Every line below is to be given again precisely; images are to be left out.

*** DATA EXTRACT Section Begins ***

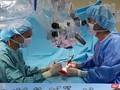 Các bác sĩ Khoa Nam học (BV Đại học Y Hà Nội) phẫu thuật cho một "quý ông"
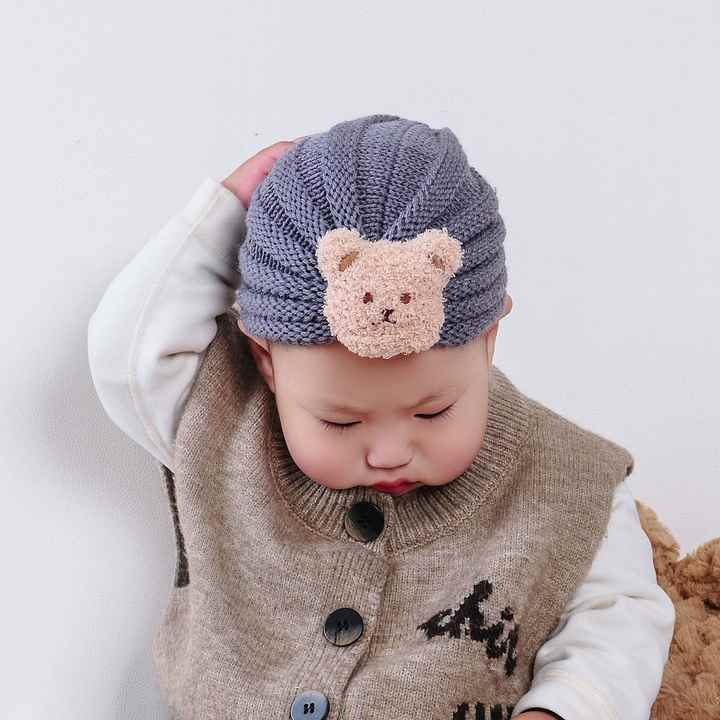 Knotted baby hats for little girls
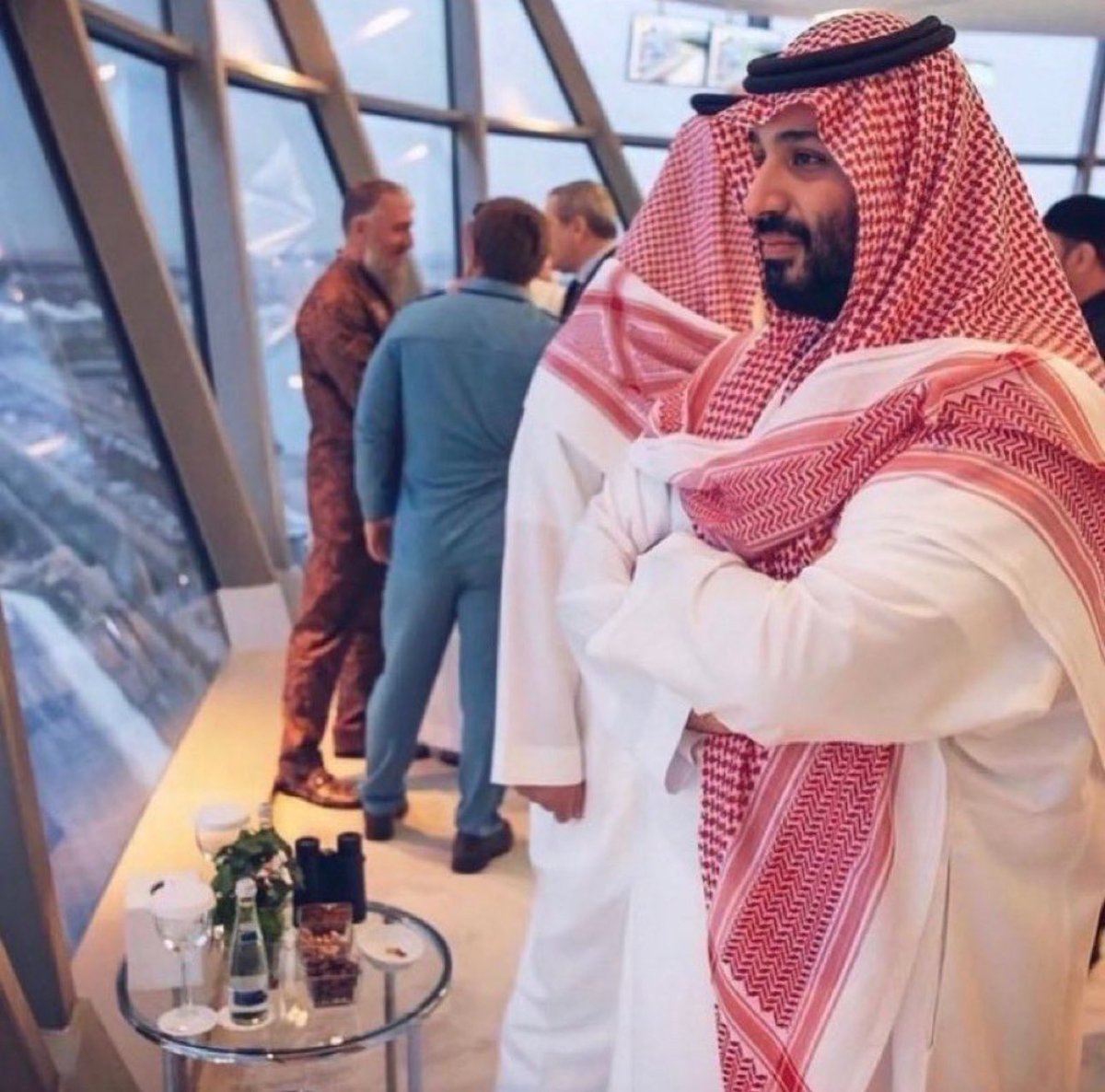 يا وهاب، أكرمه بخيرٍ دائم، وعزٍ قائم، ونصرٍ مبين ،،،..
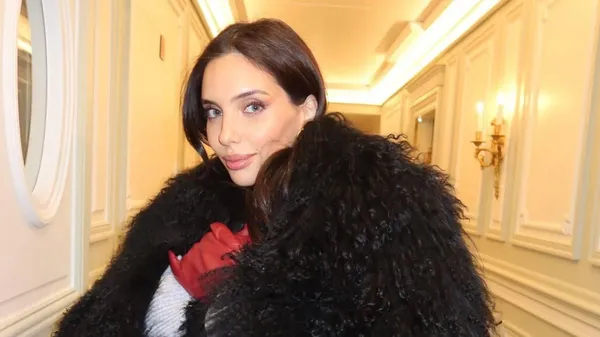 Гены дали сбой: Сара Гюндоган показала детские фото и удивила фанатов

*** DATA EXTRACT Section Ends ***

| COMPLETED EXERCISE |
 Các bác sĩ Khoa Nam học (BV Đại học Y Hà Nội) phẫu thuật cho một "quý ông"
 Knotted baby hats for little girls
 يا وهاب، أكرمه بخيرٍ دائم، وعزٍ قائم، ونصرٍ مبين ،،،..
 Гены дали сбой: Сара Гюндоган показала детские фото и удивила фанатов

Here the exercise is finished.